EXERCISE PROMPT -> At the line that contains "Man treated with Juvederm before 1807649", begin setting down every line word for word, and stop after the last line of the listing.

::: DATA TO EXAMINE :::

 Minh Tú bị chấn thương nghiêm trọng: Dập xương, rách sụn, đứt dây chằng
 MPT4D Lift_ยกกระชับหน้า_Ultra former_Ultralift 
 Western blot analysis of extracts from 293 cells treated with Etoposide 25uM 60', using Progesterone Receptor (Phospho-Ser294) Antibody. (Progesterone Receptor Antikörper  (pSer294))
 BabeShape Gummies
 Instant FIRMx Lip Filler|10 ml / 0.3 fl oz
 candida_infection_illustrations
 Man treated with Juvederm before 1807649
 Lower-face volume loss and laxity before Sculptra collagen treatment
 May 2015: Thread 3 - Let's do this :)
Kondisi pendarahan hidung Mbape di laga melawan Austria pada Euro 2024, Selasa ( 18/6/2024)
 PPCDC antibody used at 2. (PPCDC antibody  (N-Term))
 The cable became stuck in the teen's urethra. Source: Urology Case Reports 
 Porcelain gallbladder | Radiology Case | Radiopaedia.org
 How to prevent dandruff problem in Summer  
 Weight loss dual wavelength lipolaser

:::

WRITTEN ANSWER ->
 Man treated with Juvederm before 1807649
 Lower-face volume loss and laxity before Sculptra collagen treatment
 May 2015: Thread 3 - Let's do this :)
Kondisi pendarahan hidung Mbape di laga melawan Austria pada Euro 2024, Selasa ( 18/6/2024)
 PPCDC antibody used at 2. (PPCDC antibody  (N-Term))
 The cable became stuck in the teen's urethra. Source: Urology Case Reports 
 Porcelain gallbladder | Radiology Case | Radiopaedia.org
 How to prevent dandruff problem in Summer  
 Weight loss dual wavelength lipolaser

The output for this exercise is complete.